The first three episodes Those Kinds of Things, Once upon a Time and Smokey and the Bandit reintroduce Dexter’s routine, his son Harrison, the series antagonists and most importantly the theme of religion.
… a hilarious attempt at dancing, a football game and a sneaky blow job …
In the first episode we realise Dexter (Michael C. Hall) is back to his old tricks. After pretending to be badly hurt he kidnaps two paramedics who have been putting off saving people so they can rob and sell their possessions afterwards. He kills them with their own defibrillators. Dexter’s kill in this episode (despite the paramedics) is found at his high school reunion. A girl who was always nice to Dexter committed suicide and Dexter believes it was her jock husband. The comedy of this episode comes from his surprise at finding that although at school he was a geeky guy with no friends, now thanks to his cool job, good looks and celebrity status in the serial killer cases everyone wants to know him. This makes it hard for Dexter who being used to just hiding in the shadows now takes centre stage. After a hilarious attempt at dancing, a football game and a sneaky blow job Dexter finally gets hold of his killer.

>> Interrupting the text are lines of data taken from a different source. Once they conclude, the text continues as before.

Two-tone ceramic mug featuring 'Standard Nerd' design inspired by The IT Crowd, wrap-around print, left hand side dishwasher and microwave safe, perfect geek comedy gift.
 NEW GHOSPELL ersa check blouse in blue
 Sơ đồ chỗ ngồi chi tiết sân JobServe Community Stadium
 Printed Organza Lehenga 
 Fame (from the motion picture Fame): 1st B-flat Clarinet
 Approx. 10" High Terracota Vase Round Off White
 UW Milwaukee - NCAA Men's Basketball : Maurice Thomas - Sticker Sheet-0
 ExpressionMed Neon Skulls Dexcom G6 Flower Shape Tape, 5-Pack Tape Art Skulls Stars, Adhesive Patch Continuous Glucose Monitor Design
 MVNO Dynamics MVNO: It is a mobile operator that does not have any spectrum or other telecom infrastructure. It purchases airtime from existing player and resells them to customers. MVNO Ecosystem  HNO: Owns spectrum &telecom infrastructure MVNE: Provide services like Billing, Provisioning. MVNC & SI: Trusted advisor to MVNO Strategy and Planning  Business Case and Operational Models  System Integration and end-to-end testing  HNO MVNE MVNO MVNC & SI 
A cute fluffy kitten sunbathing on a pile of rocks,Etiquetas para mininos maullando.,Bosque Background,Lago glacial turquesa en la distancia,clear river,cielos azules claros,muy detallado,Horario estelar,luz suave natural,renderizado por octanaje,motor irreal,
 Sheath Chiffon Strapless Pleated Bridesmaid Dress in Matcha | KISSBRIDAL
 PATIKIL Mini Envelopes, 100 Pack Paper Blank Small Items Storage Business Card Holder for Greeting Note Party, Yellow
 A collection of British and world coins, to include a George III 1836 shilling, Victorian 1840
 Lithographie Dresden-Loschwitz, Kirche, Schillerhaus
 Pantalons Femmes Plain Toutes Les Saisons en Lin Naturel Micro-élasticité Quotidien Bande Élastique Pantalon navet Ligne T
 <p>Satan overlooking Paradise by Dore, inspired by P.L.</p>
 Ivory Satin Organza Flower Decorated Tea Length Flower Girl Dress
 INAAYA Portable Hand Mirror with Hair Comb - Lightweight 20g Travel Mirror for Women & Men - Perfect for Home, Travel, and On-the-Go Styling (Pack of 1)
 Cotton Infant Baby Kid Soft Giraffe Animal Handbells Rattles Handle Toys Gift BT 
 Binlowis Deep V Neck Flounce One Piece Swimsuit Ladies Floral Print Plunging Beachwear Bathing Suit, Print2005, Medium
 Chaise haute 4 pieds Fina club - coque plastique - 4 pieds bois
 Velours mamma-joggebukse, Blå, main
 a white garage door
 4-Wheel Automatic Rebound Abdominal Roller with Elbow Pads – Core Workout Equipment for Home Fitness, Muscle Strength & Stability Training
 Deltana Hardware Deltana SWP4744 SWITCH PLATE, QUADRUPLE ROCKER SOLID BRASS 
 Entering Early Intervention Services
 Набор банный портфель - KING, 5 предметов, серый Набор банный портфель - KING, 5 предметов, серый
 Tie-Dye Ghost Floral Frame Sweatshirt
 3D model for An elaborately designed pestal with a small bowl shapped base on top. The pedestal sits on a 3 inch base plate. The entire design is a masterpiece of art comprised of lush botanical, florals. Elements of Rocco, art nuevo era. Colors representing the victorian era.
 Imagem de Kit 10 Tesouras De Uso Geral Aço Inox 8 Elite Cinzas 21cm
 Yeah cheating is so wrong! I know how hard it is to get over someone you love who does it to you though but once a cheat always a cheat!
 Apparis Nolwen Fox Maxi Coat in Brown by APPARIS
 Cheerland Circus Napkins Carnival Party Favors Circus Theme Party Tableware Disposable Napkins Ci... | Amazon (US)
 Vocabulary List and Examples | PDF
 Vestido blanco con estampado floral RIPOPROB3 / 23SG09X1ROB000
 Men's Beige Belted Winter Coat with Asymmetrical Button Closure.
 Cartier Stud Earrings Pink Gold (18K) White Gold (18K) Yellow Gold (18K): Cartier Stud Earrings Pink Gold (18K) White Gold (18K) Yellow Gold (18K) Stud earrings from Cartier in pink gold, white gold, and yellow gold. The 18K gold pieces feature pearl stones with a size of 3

In Once Upon a Time we are introduced to the character of Brother Sam (Mos Def), a killer who has turned to god and owns his own garage where he hires ex-convicts. Dexter wanted to kill him before, but he was caught by the police and put away. After spending time with him, Dexter realises he has completely changed and wishes to know how to curb his darkness. This doesn’t stop him. However from killing a gang member who threatens Brother Sam. The Doomsday killers also kill a fruit seller and stuff his stomach full of serpents, a passage from Revelations that marks the beginning of the apocalypse.
…Dexter is excited when a prostitute turns up murdered in the same manner as an unsolved serial killer case from the 80s…
Smokey and the Bandit is one of those episodes that shines from the outset. Dexter is excited when a prostitute turns up murdered in the same manner as an unsolved serial killer case from the 80s. With this in mind he sets off to find the killer who would be elderly by this point, but he still wants him for his collection. The aptly named tooth fairy (named because he takes the victim’s teeth) is played by Ronny Cox, an actor who I remember from so many great TV shows and films (Robocop, Stargate-SG1, Star Trek). The character is crude, violent and quite nasty and Dexter finds that his once idol is nothing, but a sad and lonely old man with memories. He decides to suffocate him so that his legacy dies sad and lonely.
Other characters progress well in these opening episodes; Quinn asks Debra to marry him only to be declined when Debs gets offered LaGuerta’s position as Lieutenant. Batista is having a mid-life crisis after buying a muscle car.
The theme of religion is very strong and Dexter is finding being a dad and believing in something not only for himself but for his son to be difficult. With the inclusion of Brother Sam and the antagonists, bringing God into the equation series 6 has surpassed expectations, let’s just hope series 7 continues this streak!